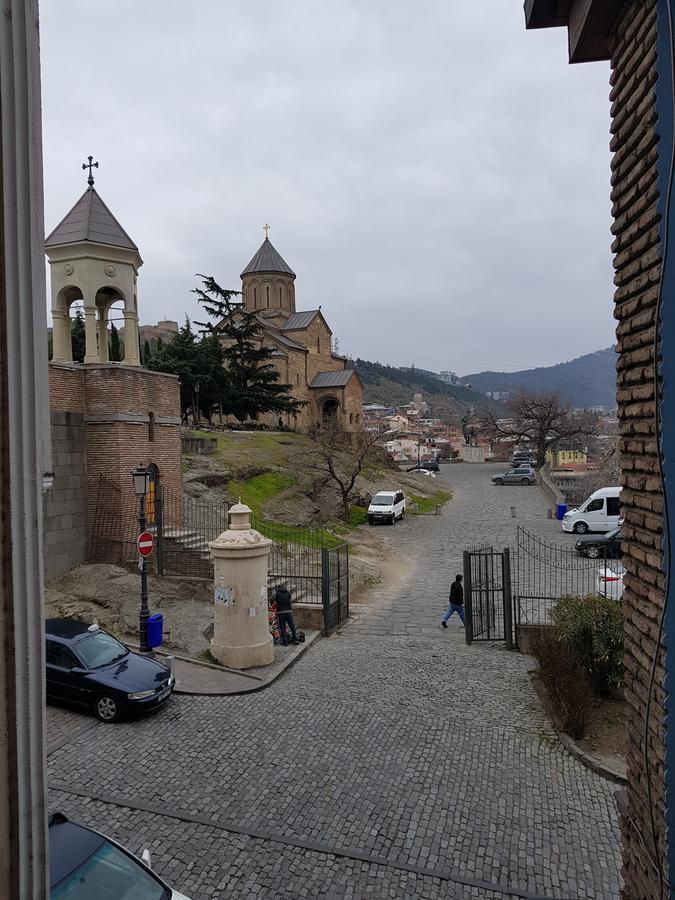 Tiflis Metekhi Hotel Exteriér fotografie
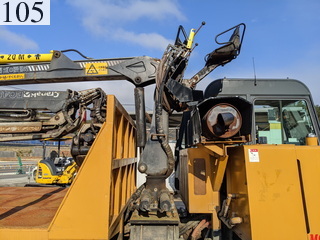 Used Construction Machine Used MOROOKA MOROOKA Forestry excavators Forwarder MST-1500VDL
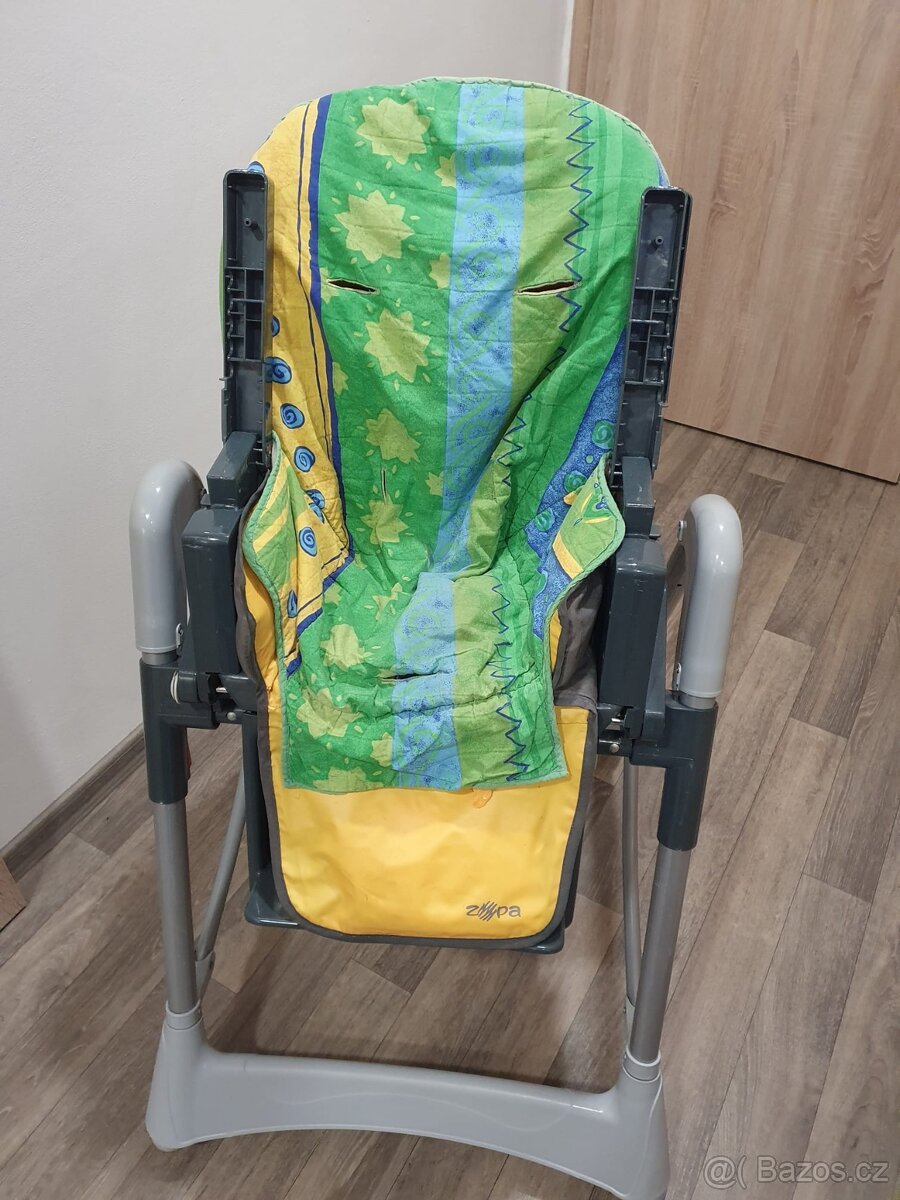 Dětská jídelní židle - 7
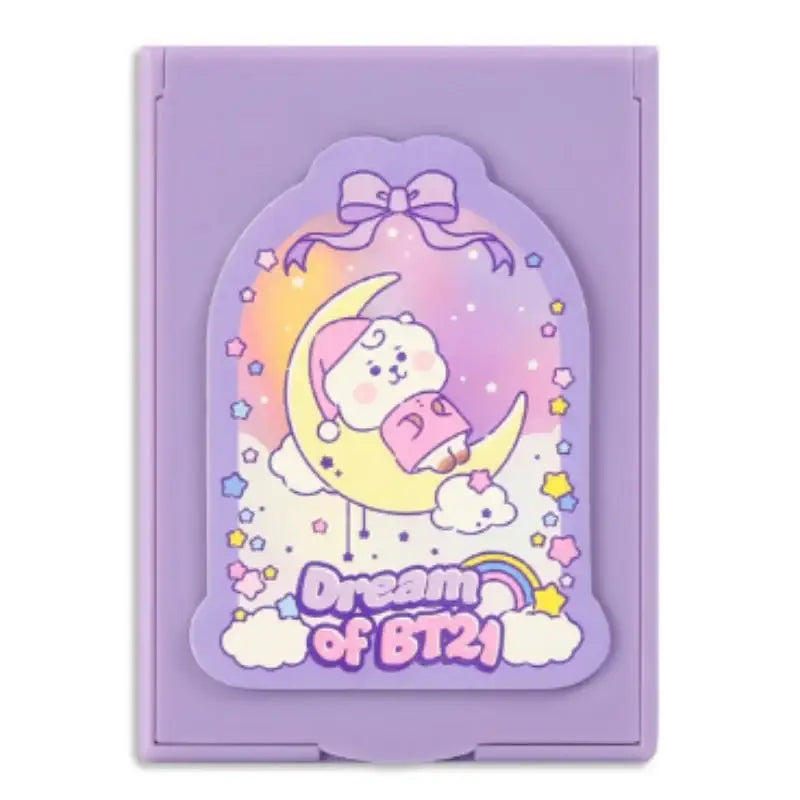 Monopoly X BT21 - Folding Mirror - Dream - BT21 - Mirrors - Harumio
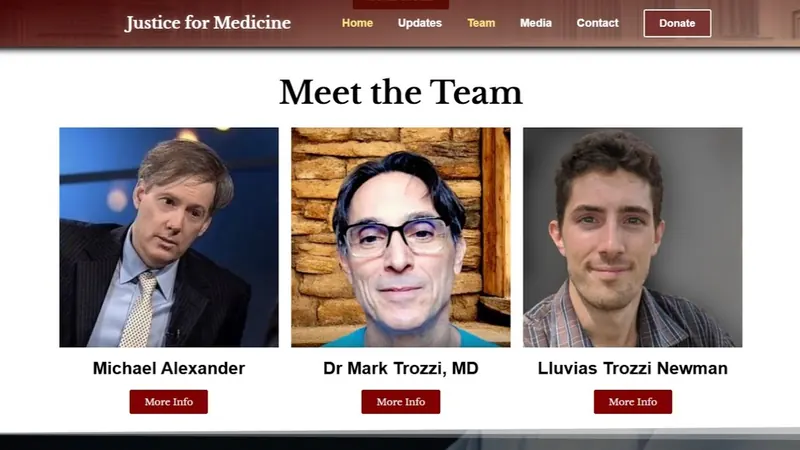 Thumbnail: Justice for Medicine Fundraiser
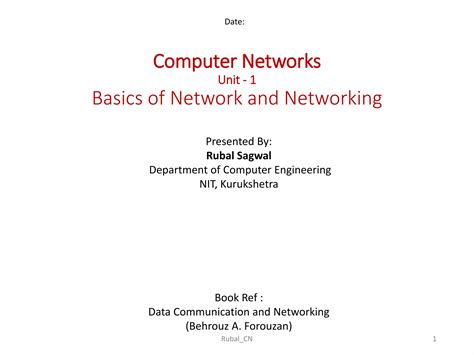 Image result for Computer Networks for a Beginner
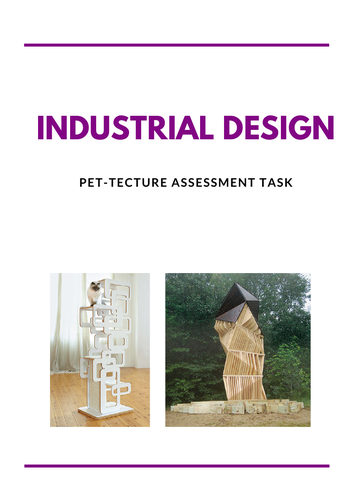 Pet-tecture Industrial Design assessment task
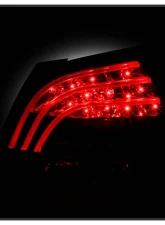Spyder Auto Black LED Taillights for 2007-2009 Toyota Yaris 4-Door Sedan                                     - ALT-YD-TYA074D-LED-BK - Image 7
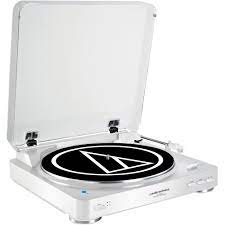 These are the top turntables we've reviewed, starting at around $100. Best Buy Audio Technica Bluetooth Stereo Turntable White Aud Atlp60wh Bt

::::::::

Copy the lines above exactly, starting at the one with "Thumbnail: Justice for Medicine Fundraiser" and ending at the one with "Spyder Auto Black", both included. Leave out any pictures and add nothing else.

**Result of the task:**
 Thumbnail: Justice for Medicine Fundraiser
 Image result for Computer Networks for a Beginner
 Pet-tecture Industrial Design assessment task
Spyder Auto Black LED Taillights for 2007-2009 Toyota Yaris 4-Door Sedan                                     - ALT-YD-TYA074D-LED-BK - Image 7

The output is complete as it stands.